Nondimensional maximum pressure gradient of tunnel compression waves generated by offset running axisymmetric trains

Abstract

A high-speed train entering a tunnel generates a compression wave in the tunnel and a micro-pressure wave. The magnitude of the micro-pressure wave is approximately proportional to the maximum pressure gradient of the compression wave (∂p/∂t)max. High-speed railway operations require the consideration of the nose shape of the train in order to reduce (∂p/∂t)max generated by a train entering a tunnel. In this study, the compression waves generated by axisymmetric trains running at the offset position in double-track tunnels were investigated using a train launcher facility.
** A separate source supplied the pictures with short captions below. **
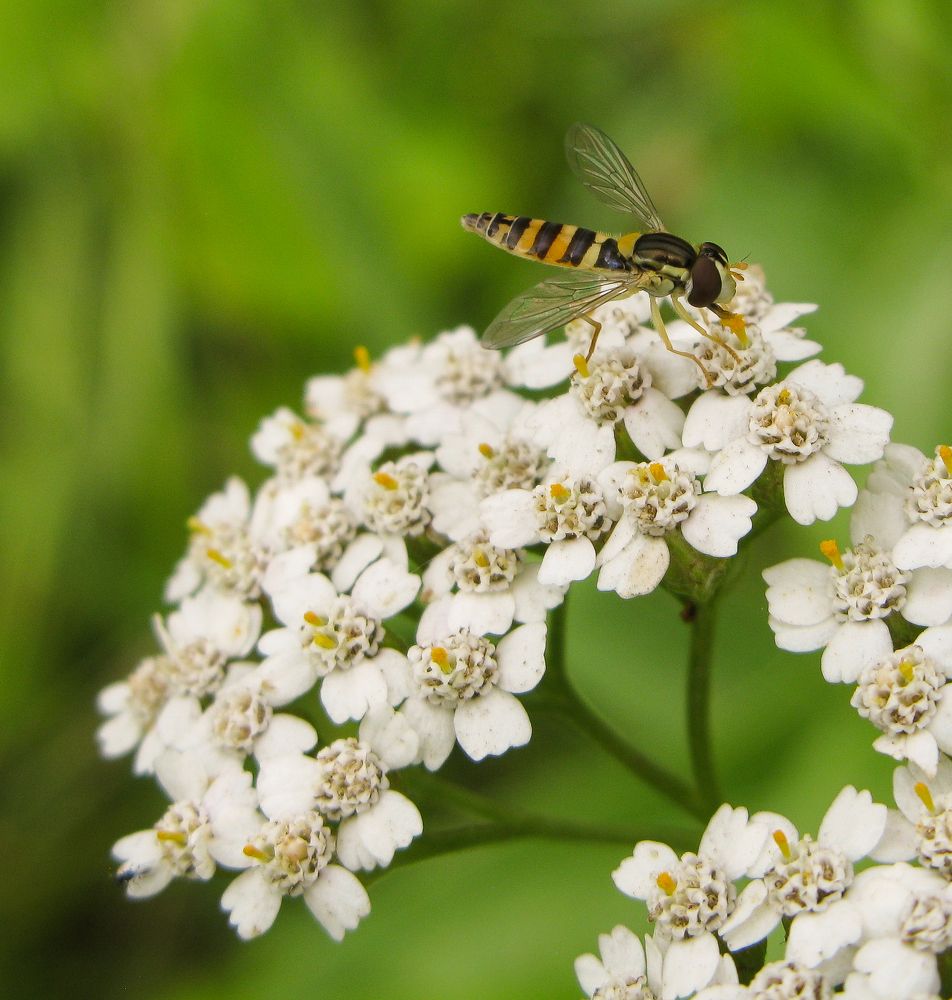 Photograph by Юлия Чиботарь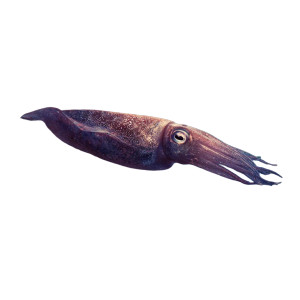 Space Squid Vinyl Car Decal Sticker – Waterproof & UV-Resistant 3.4133333333333336"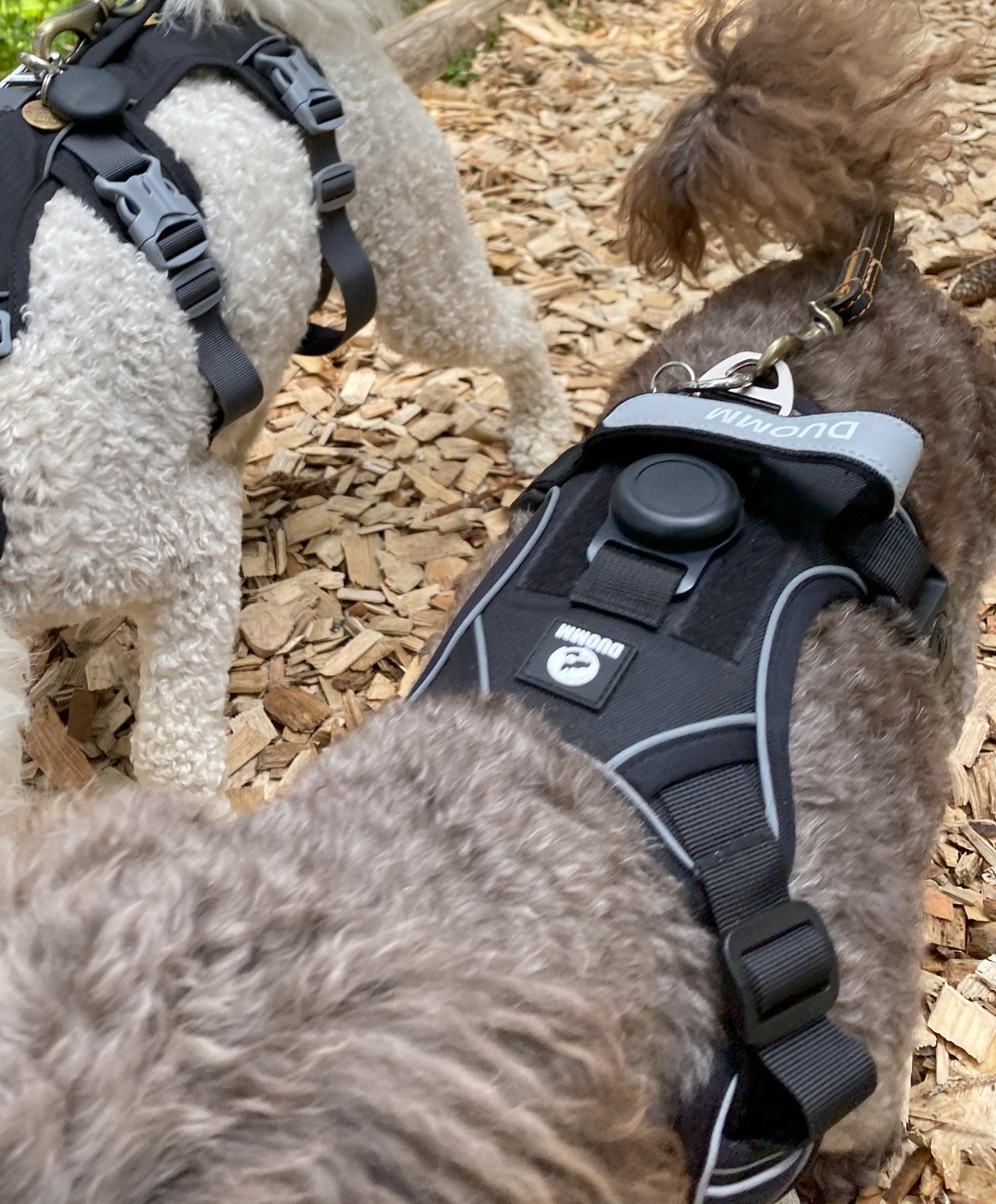 Breathable Harness with Integrated Air Tag Holder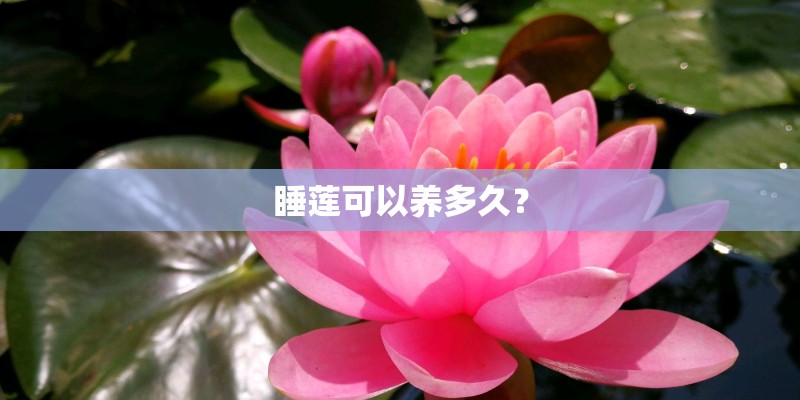 睡莲可以养多久？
Paraboloids of revolution, ellipsoids of revolution, and cones were used as the simplest nose shapes. The cone-nose train generated the largest value of (∂p/∂t)max, and the paraboloid-nose train generated the smallest value of (∂p/∂t)max among the three nose shapes. Although this tendency is the same as that for center running, the ratio of (∂p/∂t)max for the cone-nose train to that for the paraboloid-nose train became larger for offset running than center running. Moreover, the maximum value for the generation time of the compression wave was derived from acoustic theory, and the nondimensionalization of (∂p/∂t)max considering the nose length was proposed using it. Since the inverse of the nondimensionalized (∂p/∂t)max denotes the ratio of the generation time of the compression wave to its maximum value, it was defined as the efficiency of a train nose in the range of zero to unity. The values of the efficiency were almost constant with the nose length and 0.7, 0.6, and 0.5 for paraboloid-, ellipsoid-, and cone-nose shapes, respectively.